Sgt. Cindi West of the King County Sheriff's Office confirmed to msnbc.com the deaths of three people. The skiers were believed to be in their 30s and 40s, experienced and well-prepared.
Other skiers in the group managed to dig out the men and performed CPR, to no avail.
According to King5.com, one skier, a woman, was wearing a device used to provide air if swept up in an avalanche. She survived.
West said the slide occurred in an out-of-bounds area near Stevens Pass ski resort in the Cascade Mountains, about 13.2 miles east of the town of Skykomish.
In a separate incident in the Cascades on Sunday, a snowboarder died after plunging off a cliff, West said. According to the Seattle Times, the snowboarder, age 41, triggered an avalanche that pushed him over a cliff.
The Northwest Weather and Avalanche Center on Sunday issued a warning for high avalanche danger for areas above 5,000 feet.

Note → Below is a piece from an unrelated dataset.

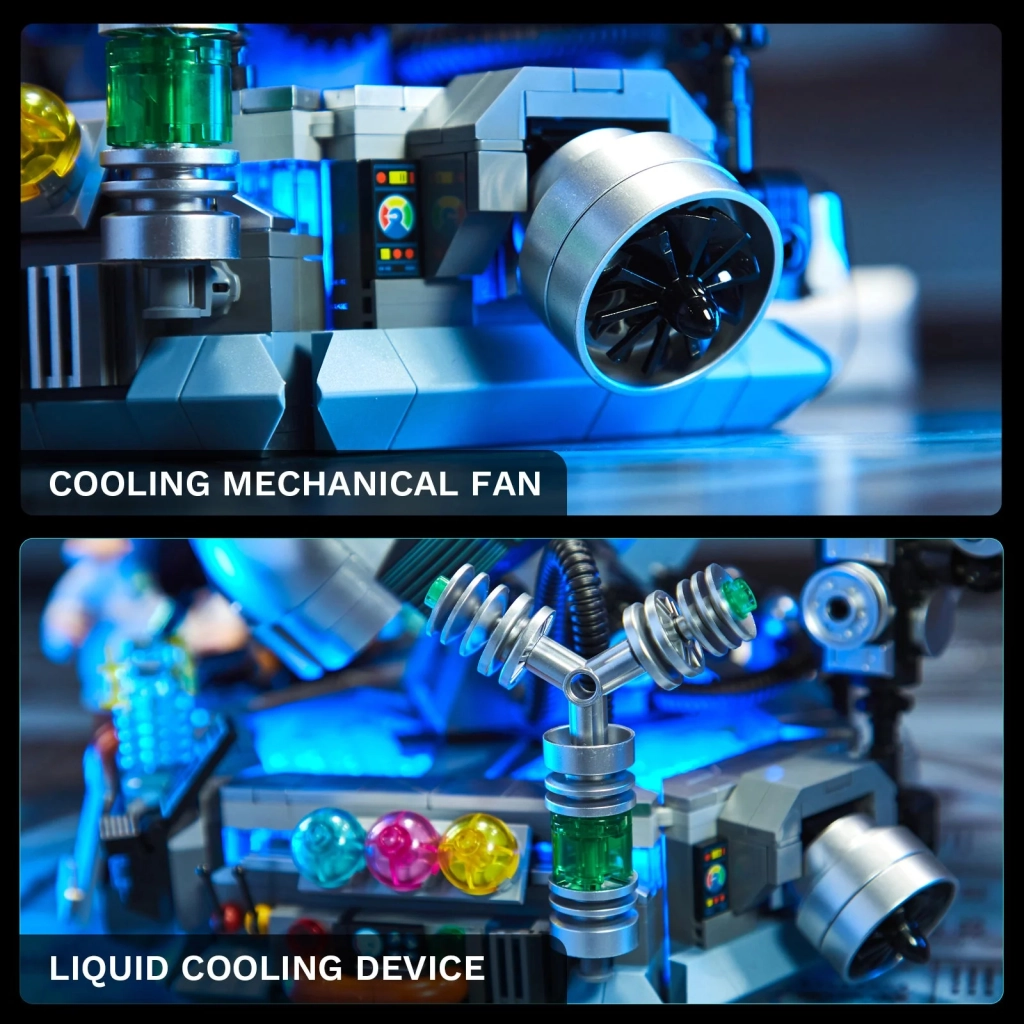 Конструктор Pantasy Astro Boy: Момент пробудження (86205) - зображення 5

The elevation of the avalanche wasn't immediately clear.
At mid-afternoon, the temperate at the base of the ski resort was 24 degrees, with light winds and good visibility. The temperature at the top of the mountain was 22 degrees, according to the resort's website.
The site also said Sunday was a "popular powder day" at the resort, with 14 inches of fresh snow falling overnight.
Stevens Pass, an 80-mile drive from Seattle, is among the most popular outdoor recreation areas in the state. People flock there to go cross-country, back-country and downhill skiing, as well as snowshoeing and backpacking.
It's been a deadly winter in Washington state's mountains. Four people disappeared in vicious storms while hiking and climbing on Mount Rainier last month.
Across the West, there had been 13 avalanche deaths this season as of Feb. 16, according to the Colorado Avalanche Information Center, which tracks avalanche deaths in the U.S.
Avalanche deaths are more common in the backcountry than at ski resorts. Out of about 900 avalanche deaths nationwide since the 1950-1951 winter, 32 were within terrain that was open for riding at ski resorts, according to the Utah Avalanche Center.